Ninth Circuit Court Gets It Right

The U.S. Court of Appeals for the Ninth Circuit last week ruled in Demaree v. Pederson that there is no “qualified immunity” for investigators who remove children from a home without a warrant or exigent threat of serious physical harm to the child.This is a welcome decision from a court that had not always been favorable to families.(See Fields v. Palmdale, 2005.)

Background
A.J. Demaree had some family photos printed at an Arizona Walmart in 2008, including a photo of his three young girls (the oldest only 5 years old) during their bath time which showed them “lying down on a towel nude,” according to the case. A concerned Walmart employee called the police, who investigated and determined that no crime had taken place. The photos were not taken for any salacious purpose, nor was there any intent to distribute them as child pornography. Further, all three girls were taken for physical exams which revealed no evidence of abuse, after which the police and Child Protective Services (CPS) returned them to their parents.

Later that day, CPS investigator Laura Pederson drove out to the house and decided to take the children into “emergency temporary custody” without first securing a warrant from a judge. She claims she did so because it was Labor Day weekend and she feared the parents could take more photos of the girls before she could go before a judge on Tuesday.

The Ruling
In the court case, Pederson claimed “qualified immunity,” a common defense to protect government workers who may have invaded a citizen’s constitutional rights, but who could not be expected to know their actions were inappropriate at the time.

As the court explains in its ruling, overcoming the “qualified immunity” defense requires a showing (1) that the worker’s action presented a constitutional violation and (2) that the constitutional right was clearly established at the time of the violation (essentially, “anyone in their position should have known”). In its review of these factors, the court found that the children were not “at imminent risk of serious bodily injury or molestation,” meaning there was no cause to make the “emergency” removal. The court then found that in a case from a year before these events took place, a court had found “that a social worker violated a family’s clearly established federal rights by removing children with no warrant” and no imminent threat.

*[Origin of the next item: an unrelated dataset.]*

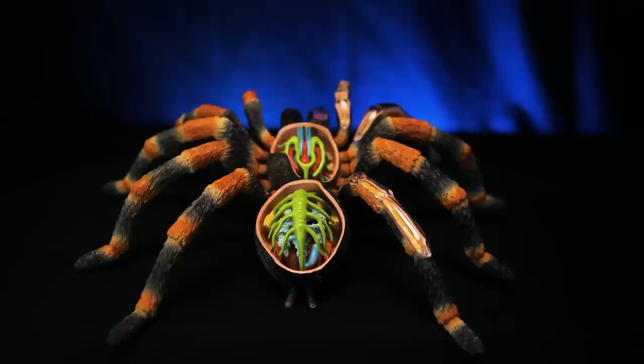Today we are going to talk about the anatomy of a tarantula. Welcome to Tarantula Collective. My name is Richard, and if you enjoy videos about tarantulas, scorpions, and other invertebrates and exotic pets, make sure you hit that subscribe button and don't forget to click the notification bell to turn on all notifications.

Since CPS and its employees were responsible to know of that decision and apply it to their policies, there was no legal excuse for Pederson to make the same error more than a year later against the Demarees.

In a concurring opinion, Circuit Judge Berzon added her own emphasis on the trauma that comes of removing children from their homes unnecessarily.Quoting from Rosalind Folman’s “I Was Tooken”: How Children Express Removal from Their Parents Preliminary to Placement into Foster Care (1998), Berzon wrote, “The events of the day of placement constitute a crisis for children because everything in their lives changes and the children are overwhelmed with feelings of abandonment, rejection, worthlessness, guilt, and helplessness.” She also wrote, “Research confirms that ‘unexpectedly being snatched by the police or protective service workers traumatize[s]…children’,” citing the same source. “For small children especially,” Berzon concluded (in her own words), “being taken from a home and family by a stranger is a profoundly frightening and destabilizing experience, even if that home and family are flawed.” [emphasis added]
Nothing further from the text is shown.